Repeat the listing below exactly from the line with "Stylish rabbit in" through its last line. Skip every picture.

Stored data |

----

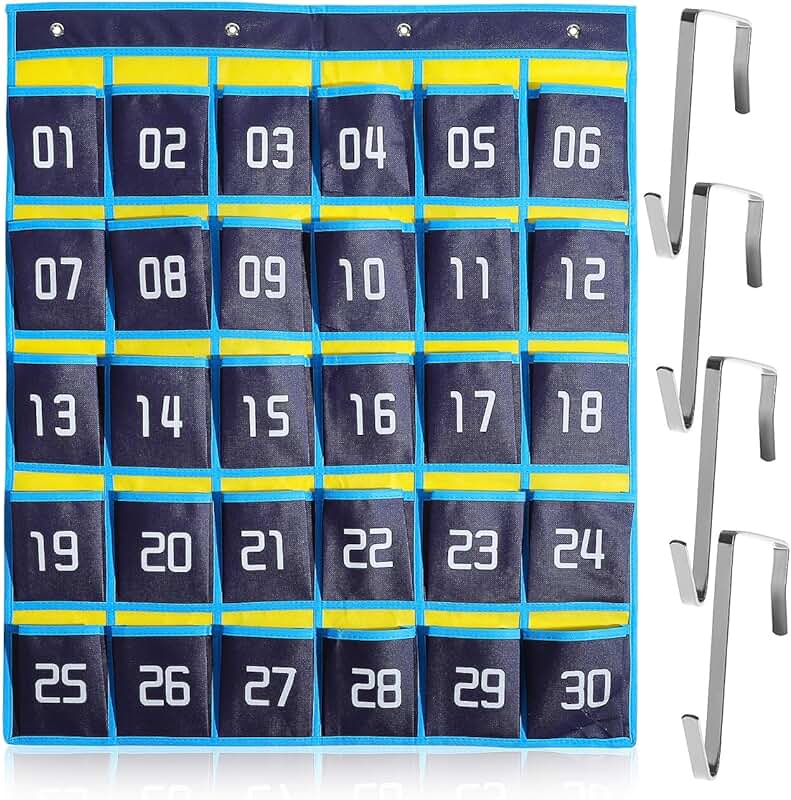 Classroom Pocket Chart Organizer with Phone and Calculator Holders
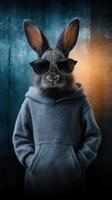 Stylish rabbit in hoodie and sunglasses poses confidently against a textured backdrop photo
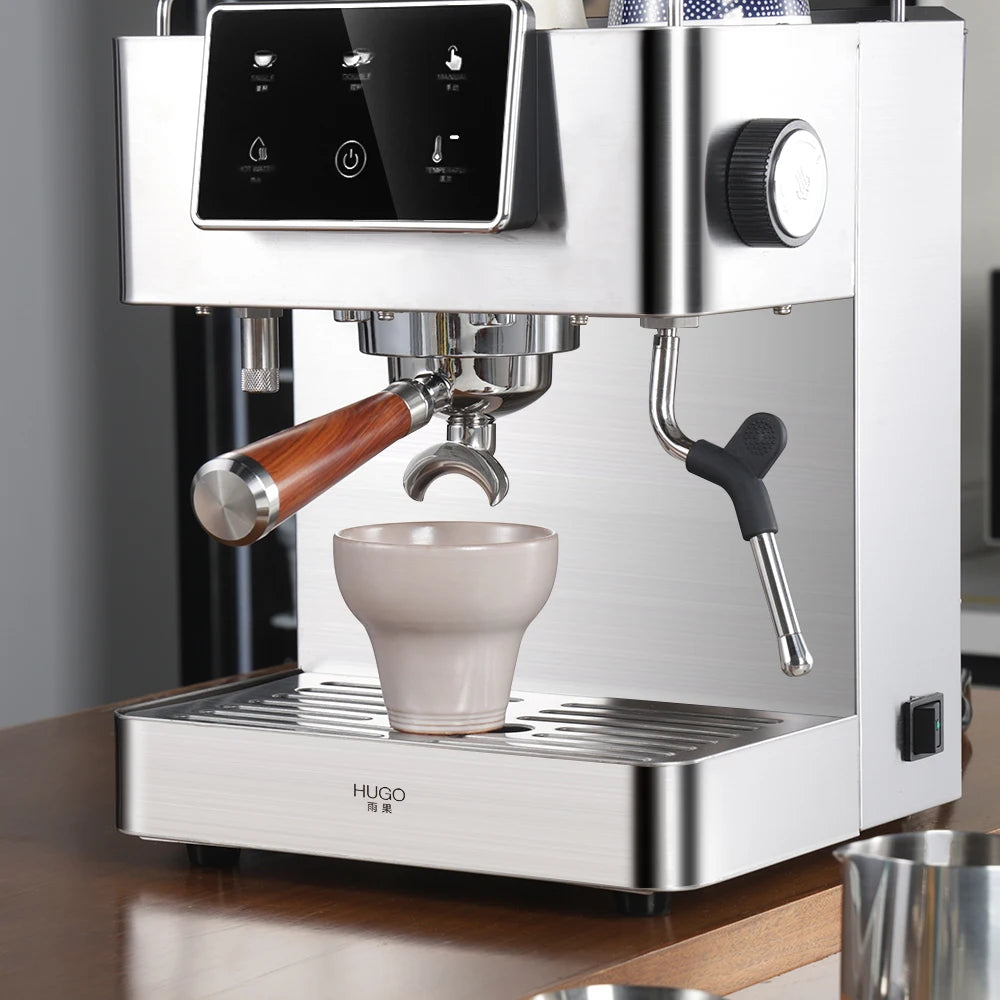 Commercial 15-Bar Semi-Automatic Espresso Coffee Maker - Large Stainless Steel Brewing Machine for Professional Cafes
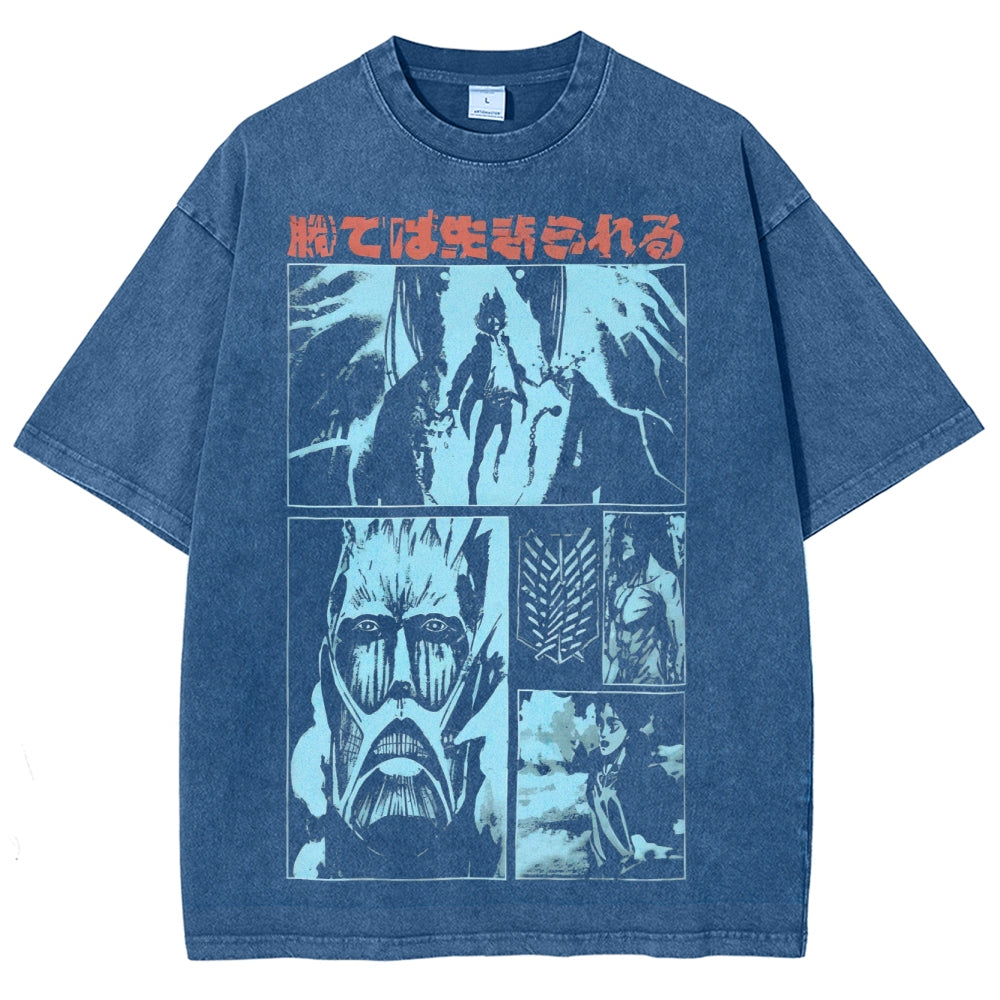 Attack On Titan Unisex Fit Washed T-Shirt 2503000036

----

Finished task |
 Stylish rabbit in hoodie and sunglasses poses confidently against a textured backdrop photo
 Commercial 15-Bar Semi-Automatic Espresso Coffee Maker - Large Stainless Steel Brewing Machine for Professional Cafes
 Attack On Titan Unisex Fit Washed T-Shirt 2503000036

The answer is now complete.